NEW YORK (Fortune) -- The Greek crisis has thrown another detour into the euro's march to world currency domination.
The rise of the European common currency has been a market theme for years. At its peak early in the financial crisis, the euro had gained 59% against the dollar since its inception in 2000, thanks to the European Central Bank's inflation-fighting mandate and years of lax policy in the United States.
The dollar's extended decline, together with huge loan losses in the U.S. banking system and anxiety among foreign creditors about the value of their Treasury holdings, seemed in mid-2008 like a recipe for the euro to overtake the fallen greenback as the world's reserve currency.
Yet the case for the euro has weakened markedly since then. The euro cratered at the end of 2008 and plunged again this year as debt default worries took hold in Greece.
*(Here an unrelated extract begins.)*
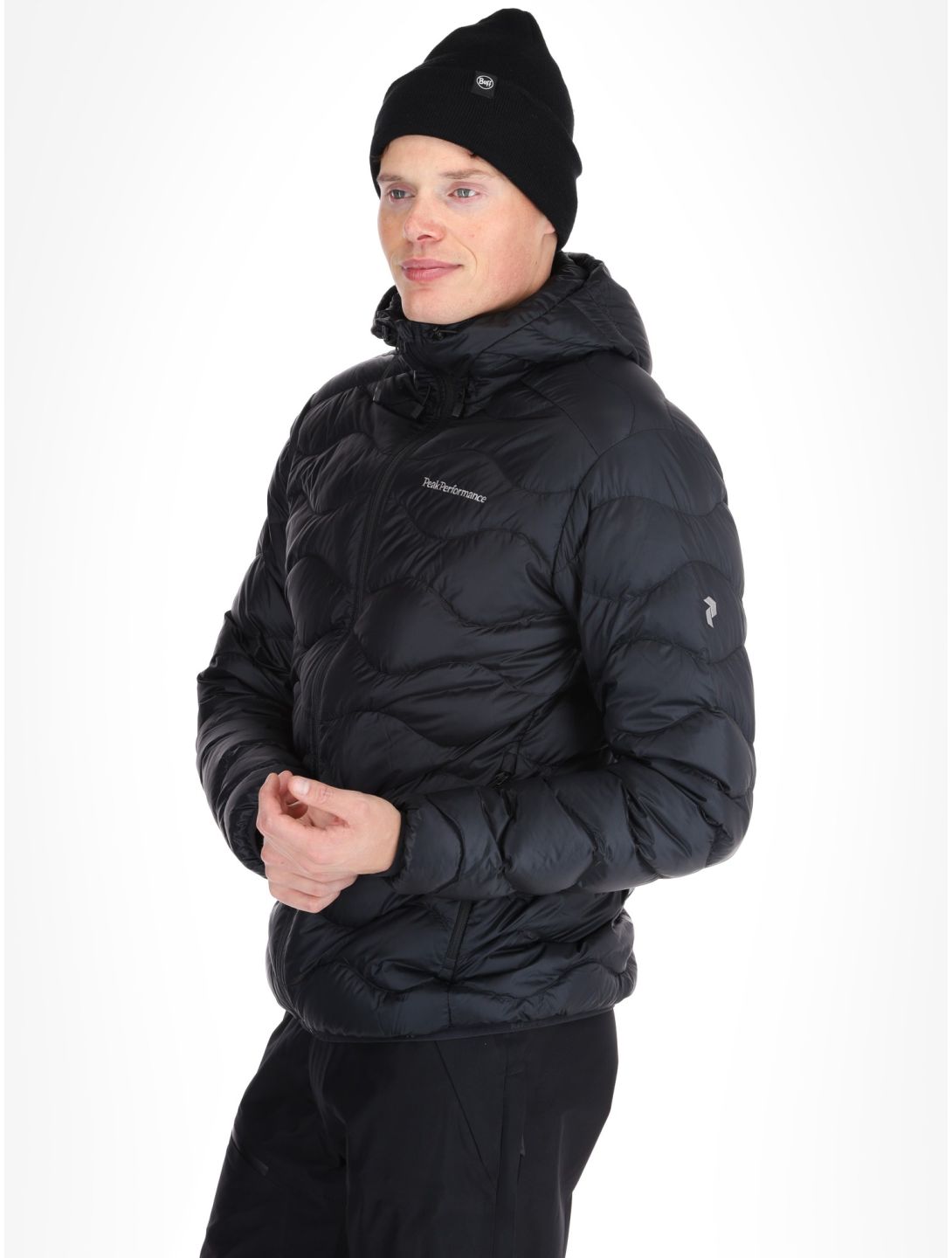 Peak Performance, M Helium Down Hood down jacket men Black black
Economic and political stress in Europe stand to rise further this year as policymakers struggle with the debt problem.
All this gives further pause to those unhappy with long-term fiscal picture in this country who would like to hedge against future declines in the dollar.
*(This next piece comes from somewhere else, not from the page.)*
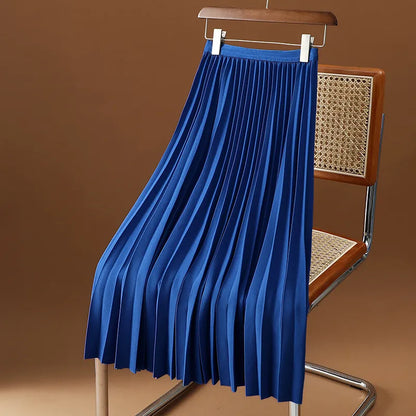 Variant image for Dam A-Linje Kjol Veckad Bomull Casual-3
"Doubts about the euro area mean people will worry about the value of the euro," said Menzie Chinn, an economics professor at the University of Wisconsin. "I wouldn't expect to see a big impact, but for a while you're going to have some questions."
The immediate questions center on how powerful European states such as Germany will deal with rising financial distress in Greece, Spain, Italy and Portugal.
Greece, facing a damaging spike in interest rates on its debt amid questions about its finances, has until March 16 to show the European Union it is making progress in cutting its budget deficit from nearly 13% of gross domestic product, more than four times the allowed level.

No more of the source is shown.